Table 1. Factors associated with postoperative complications in older patients based on the Clavien-Dindo classification.
3.2 Postoperative complications
Postoperative complications, according to Clavien-Dindo classification ≥2, were more common in patients with frailty (38%) than in non-frail patients (18.6%) (p < 0.001) and in those with PNI scores <45 (40.5%) than in those with PNI scores >45 (19.9%) (p < 0.001) (Table 2). Patients with frailty experienced significantly longer LOS than non-frail patients (p < 0.001). Similarly, patients with PNI scores <45 had a longer LOS than those with PNI scores >45 (p < 0.001). We observed no significant differences in the 30-day mortality between patients with and without frailty (p = 0.114). Similarly, no significant differences in mortality were observed between PNI categories (p = 0.106) (Supplementary Table S2).

Table 2. Univariate and multivariate analyses of factors associated with postoperative complications based on CDC ≥ 2.
Several patient characteristics were found to be significantly associated with increased postoperative complications, including frailty and PNI scores <46 (Table 1).
In multivariate analysis, frailty persisted as an independent predictor of postoperative complications (odds ratio [OR]: 2.09, 95%CI: 1.09–4.00, p = 0.026), even after adjusting for other covariates. For malnutrition, a PNI score of 45–50 was associated with a higher risk of complications (OR: 1.85, 95%CI: 0.84–4.06, p = 0.128), although this association was not significant. Additionally, a PNI score <40 showed a strong univariate association with complications (OR: 5.88, 95%CI: 3.13–11.08, p < 0.001), but this association was not significant in multivariate analysis (OR: 1.81, 95%CI: 0.37–8.85, p = 0.462) (Table 2).

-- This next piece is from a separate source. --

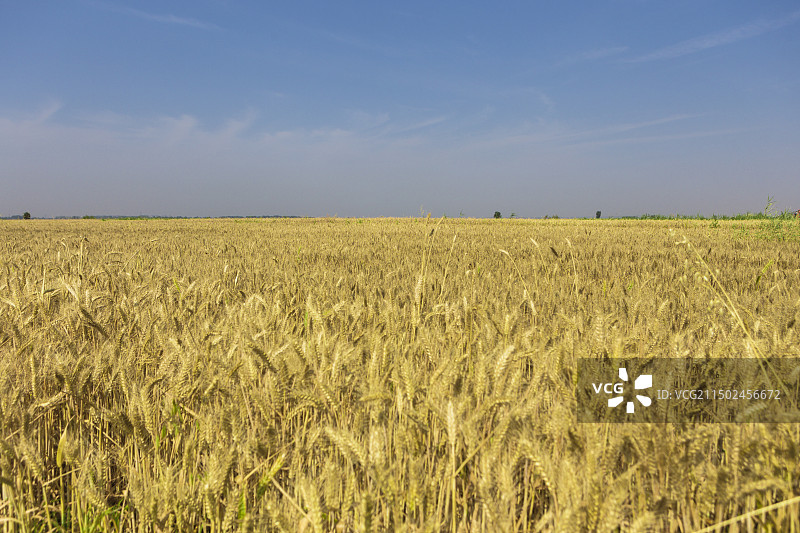 农业三夏河南麦收金黄麦田小麦麦浪麦子麦穗图片素材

3.3 ROC curve and predictive accuracy
The CFS demonstrated satisfactory predictive value for postoperative complications, with an AUC of 0.619 (95%CI 0.575–0.662), and the sensitivity and specificity of 0.56 and 0.68, respectively. Similarly, the PNI showed satisfactory predictive accuracy with an AUC of 0.665 (95%CI: 0.618–0.712), with the sensitivity and specificity of 0.60 and 0.65, respectively. As shown in the ROC curve for predicted postoperative complications, the cutoff value for PNI according to Youden’s index was established at 48. The combination of the CFS and PNI showed good predictive ability for postoperative complications, with an AUC of 0.694 (95%CI: 0.647–0.740) (Figure 1). The difference between CFS and PNI was not significant (D = −1.615, p = 0.106), nor was that between PNI and the combined model (D = −1.857, p = 0.063). However, the combined CFS and PNI model showed a significantly higher AUC compared to the CFS alone (D = −4.515, p < 0.001).

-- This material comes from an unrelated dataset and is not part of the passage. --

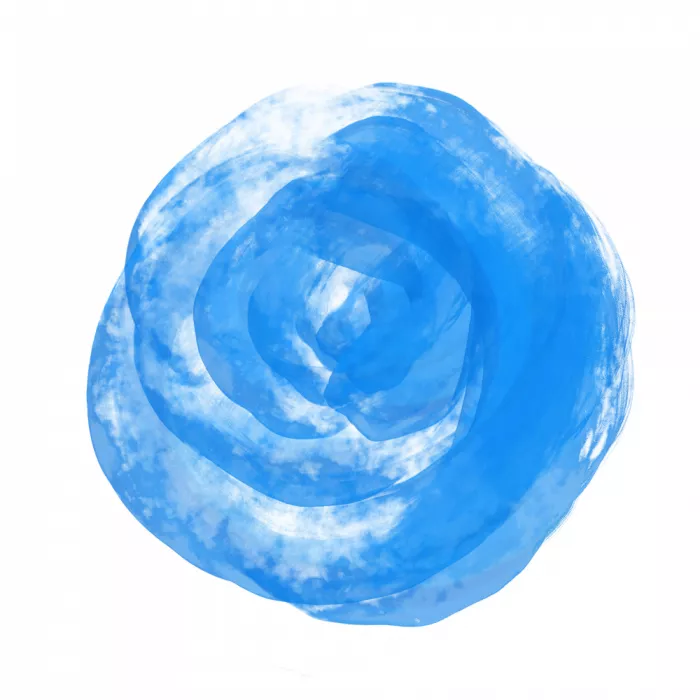 Martina: Rosa blu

Figure 1. Receiver-operating characteristic (ROC) curve analysis of the CFS (A), PNI (B), and their combination (C) to predict postoperative complications (Clavien-Dindo classification ≥2). The combined model (D) demonstrates improved predictive performance compared to CFS or PNI alone. CFS (A): AUC = 0.619, Sensitivity = 0.56, Specificity = 0.68, 95%CI (0.58–0.66). PNI (B): AUC = 0.665, Sensitivity = 0.60, Specificity = 0.65, 95%CI (0.62–0.71), Cut-off value = 48. Combined CFS + PNI (C): AUC = 0.694, Sensitivity = 0.67, Specificity = 0.63, 95%CI (0.65–0.74). CFS, Clinical Frailty Scale; PNI, Prognostic Nutritional Index; AUC, area under the curve; CI, confidence interval.
4 Discussion
Our study explored the integration of frailty and nutritional assessments to predict postoperative complications in older patients who underwent intermediate- to high-risk non-cardiac surgery. These findings demonstrate that both frailty and nutritional status are associated with an increased risk of postoperative complications, albeit to different extents.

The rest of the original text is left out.